Ce graphique montre la différence dans l’accès au bac selon l’origine sociale. Plus de 50 % des enfants d’ouvriers sont dans une série technologique ou professionnelle, contre à peine 10 % des enfants de cadres. A noter que les différences sociales sont moins marquées pour les séries technologiques que pour les deux autres.
« Réunion, Martinique, Guadeloupe, etc. : pouvez-vous nous en dire un peu plus des inégalités qui touchent ces académies ? » (Basse-Terre)
Les élèves y vivent dans des contextes socio-économiques plus difficiles, avec de moindres ambitions scolaires, avec des équipements culturels moins nombreux à proximité des établissements. D’une certaine façon, les modèles de réussite scolaire y sont plus rares du fait de la structure de la population active.
« Le baccalauréat professionnel relève-t-il d’un réel besoin de société ou juste d’un artifice pour atteindre les 80 % de bacheliers ? » (Mad31)
Le bac professionnel est une réponse à des besoins en main-d’œuvre d’exécution qualifiée. il donne aussi la possibilité à des jeunes d’accéder au niveau baccalauréat et d’avoir une formation générale en même temps que la formation professionnelle. Et pour quelques-uns d’entre eux, c’est la première étape vers un parcours d’études plus longues. Même si les élèves issus des bacs professionnels ont moins de réussite dans l’enseignement supérieur. Il faut aussi distinguer selon les séries du bac professionnel : toutes n’offrent pas les mêmes chances d’insertion professionnelle.
« Vous dites que la différence public-privé est significative de la différence de recrutement. Auriez-vous des chiffres ? Car il me semble que ceux-là montrent plutôt que, contrairement à ce qu’on pense spontanément, la mixité sociale est plus grande dans les établissements privés sous contrat d’association avec l’Etat. » (Témoin)
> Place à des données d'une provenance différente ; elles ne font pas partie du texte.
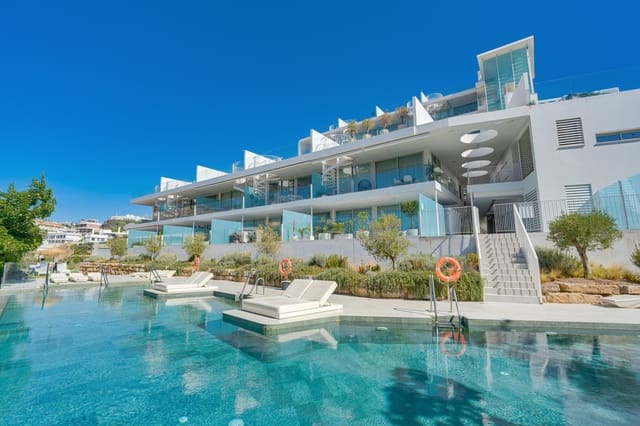 2 slaapkamer Appartement te koop in Fuengirola met zwembad - € 1.180.000 (Ref: 10004534)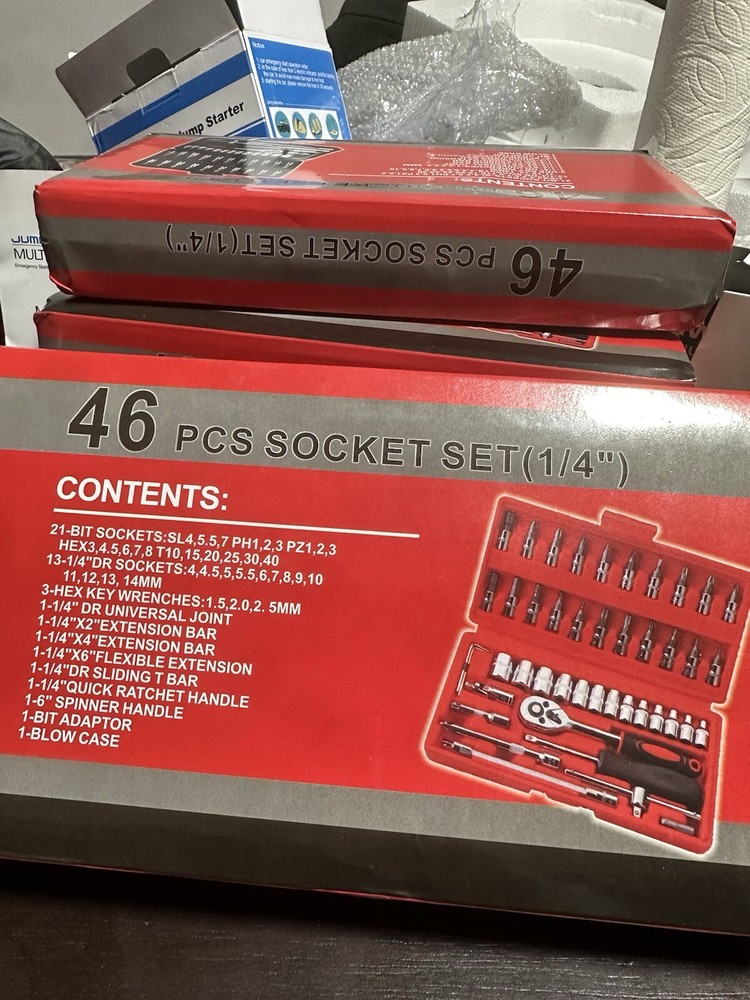 Kit De Herramienta De Emergencia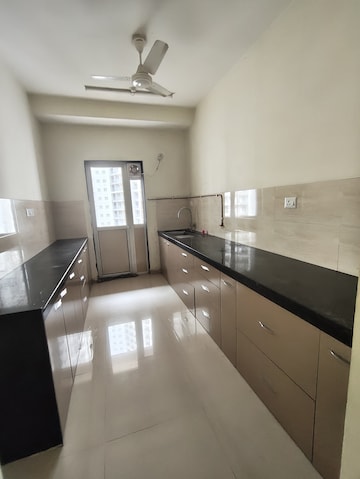 Kitchen in 3 BHK Apartment at Indiabulls Greens, New Panvel – for Sale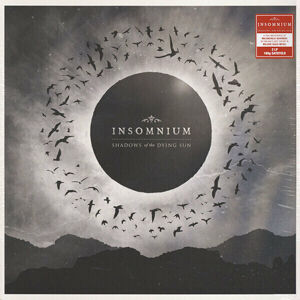 Insomnium Shadows Of The Dying Sun (2 LP)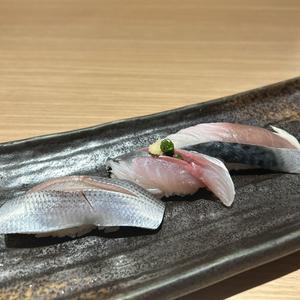 光物お任せ握り3種【各1貫】
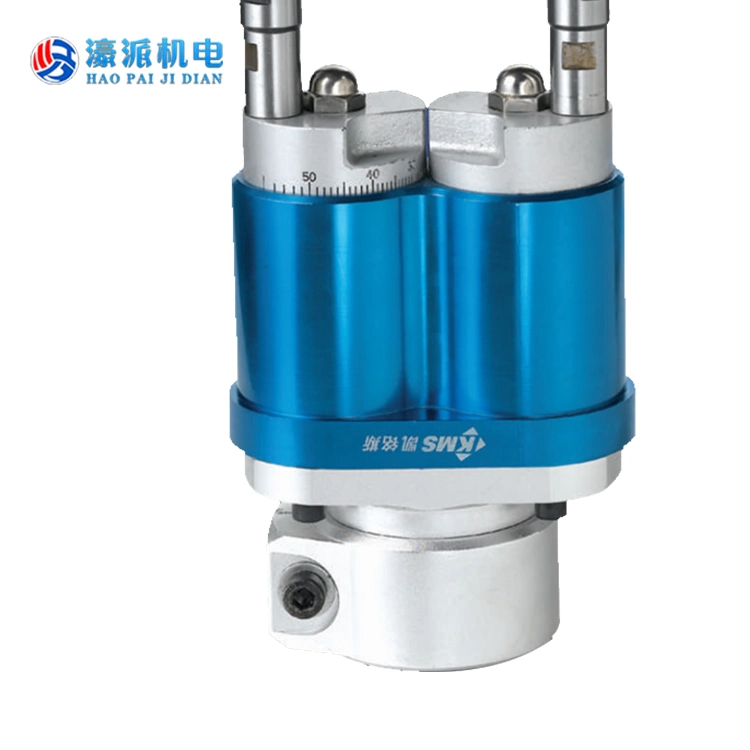 Drilling Row 2-Spindles Adjustable Drill Head for CNC Machinery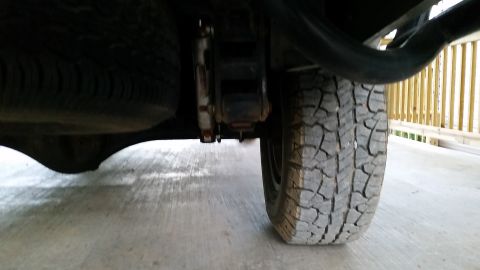 2003 Nissan Frontier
Je vais vous répondre précisément pour les collèges : selon le ministère de l’éducation nationale, les enfants de familles défavorisées représentent 41 % des effectifs du public et 20 % des effectifs du privé en 2013. A l’inverse, les enfants des familles favorisées représentent 36 % des élèves des collèges privés et 19 % des élèves du public. Sur les classes moyennes, l’écart est moins marqué.
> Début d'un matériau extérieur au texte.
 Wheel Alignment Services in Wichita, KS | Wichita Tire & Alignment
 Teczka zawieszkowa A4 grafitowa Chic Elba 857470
« N’a-t-on pas, avec les années, beaucoup trop encouragé la voie du baccalauréat en dénigrant les voies dites “manuelles”, avec pour conséquence, un sureffectif du post-bac et au contraire une pénurie de nos talentueux artisans ? » (WorkNow@)
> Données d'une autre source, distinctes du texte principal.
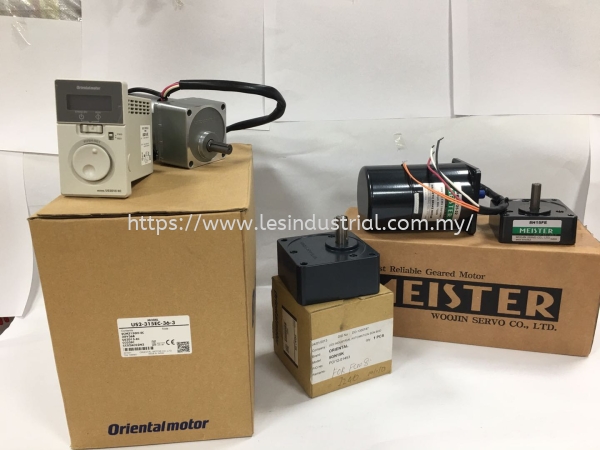 DC MOTOR & GEARHEAD DC MOTOR & GEARHEAD Johor Bahru (JB), Malaysia, Ulu Tiram Supplier, Suppliers, Supply, Supplies | LES Industrial Automation Sdn Bhd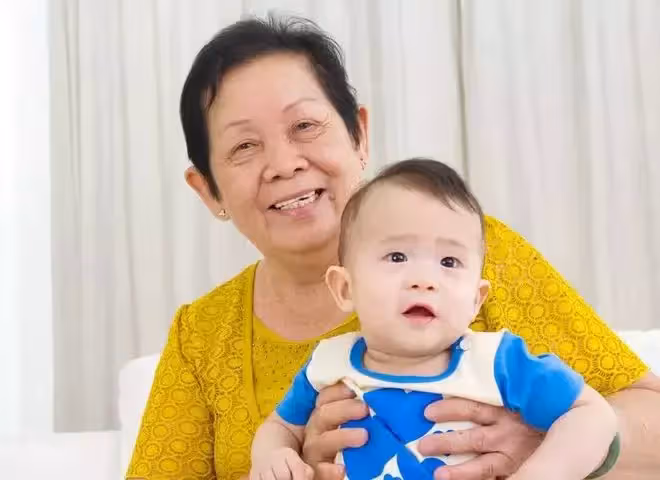 你當年給誰帶娃兒,誰就給你養。老婆婆一句話讓兒媳婦頓時無語了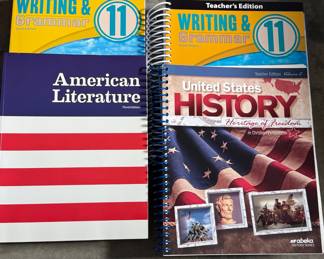 Assorted Educational Books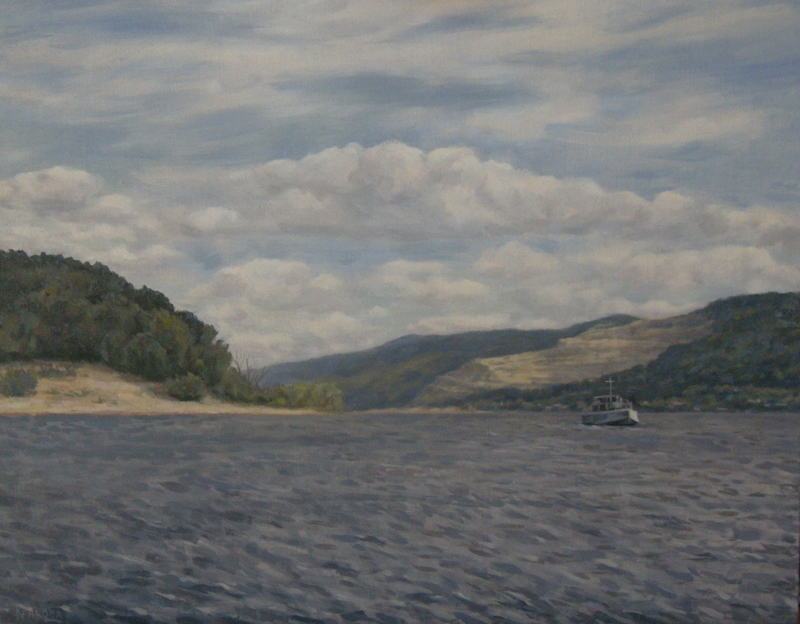 Волжские острова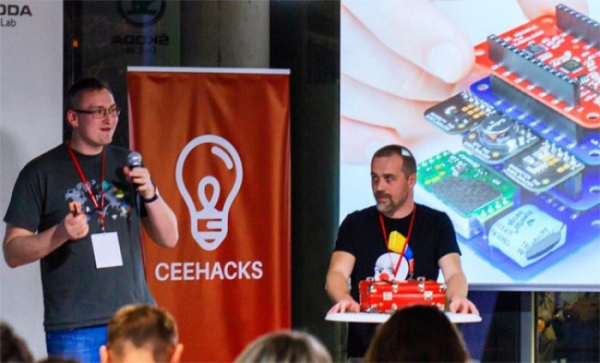 CRA pořádají další CRA IoT Hackathon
Si on prend notre graphique de tout à l’heure, on note une hausse des bacheliers, y compris professionnels, lequel est susceptible de mener à des métiers manuels. Les bacheliers professionnels sont, pour moitié, dans des séries industrielles. C’est plutôt l’évolution des représentations de la réussite et de la structure des entreprises qui réduit l’envie d’être artisan. Les formations industrielles ou artisanales supérieures, sont, quant à elles, orientées davantage vers la formation de cadres pour l’industrie. En gros chaque année, on a environ 200 000 candidats au bac professionnel, contre 130 000 au bac technologique.